TASK REQUIREMENTS
A line qualifies if it holds the string "Dual". Copy every qualifying line from the records.

THE RECORDS
##############################
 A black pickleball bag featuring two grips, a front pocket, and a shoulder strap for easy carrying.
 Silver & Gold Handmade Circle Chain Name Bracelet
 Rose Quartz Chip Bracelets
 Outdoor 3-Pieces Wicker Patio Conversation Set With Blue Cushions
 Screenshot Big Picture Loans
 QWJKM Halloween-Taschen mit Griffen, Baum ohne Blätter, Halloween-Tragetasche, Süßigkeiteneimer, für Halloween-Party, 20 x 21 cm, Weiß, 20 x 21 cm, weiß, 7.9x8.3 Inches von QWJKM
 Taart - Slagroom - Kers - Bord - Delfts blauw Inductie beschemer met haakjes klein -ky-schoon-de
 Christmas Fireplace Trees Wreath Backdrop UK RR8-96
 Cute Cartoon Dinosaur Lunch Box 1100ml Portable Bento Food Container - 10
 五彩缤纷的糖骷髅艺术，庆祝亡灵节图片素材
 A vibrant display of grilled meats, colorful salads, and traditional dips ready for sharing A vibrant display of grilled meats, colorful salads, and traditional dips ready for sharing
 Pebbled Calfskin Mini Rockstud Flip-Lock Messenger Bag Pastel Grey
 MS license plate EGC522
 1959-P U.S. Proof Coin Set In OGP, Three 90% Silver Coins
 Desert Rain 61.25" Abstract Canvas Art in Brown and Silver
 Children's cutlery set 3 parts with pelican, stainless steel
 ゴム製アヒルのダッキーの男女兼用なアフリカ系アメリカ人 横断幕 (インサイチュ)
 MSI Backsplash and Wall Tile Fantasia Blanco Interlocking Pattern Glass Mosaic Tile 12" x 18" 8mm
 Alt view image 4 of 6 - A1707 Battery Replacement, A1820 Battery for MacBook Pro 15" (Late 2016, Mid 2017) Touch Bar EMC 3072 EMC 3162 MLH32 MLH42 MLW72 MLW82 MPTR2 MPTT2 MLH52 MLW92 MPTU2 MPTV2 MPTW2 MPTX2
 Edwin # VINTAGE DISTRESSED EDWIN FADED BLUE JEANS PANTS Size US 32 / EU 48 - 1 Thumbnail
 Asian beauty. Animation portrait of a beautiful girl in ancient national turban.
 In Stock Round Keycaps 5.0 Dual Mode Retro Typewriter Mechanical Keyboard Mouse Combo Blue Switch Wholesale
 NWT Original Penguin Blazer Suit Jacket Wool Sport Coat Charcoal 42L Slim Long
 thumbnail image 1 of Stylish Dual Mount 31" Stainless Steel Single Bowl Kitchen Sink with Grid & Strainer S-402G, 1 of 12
##############################
SOLUTION
 In Stock Round Keycaps 5.0 Dual Mode Retro Typewriter Mechanical Keyboard Mouse Combo Blue Switch Wholesale
 thumbnail image 1 of Stylish Dual Mount 31" Stainless Steel Single Bowl Kitchen Sink with Grid & Strainer S-402G, 1 of 12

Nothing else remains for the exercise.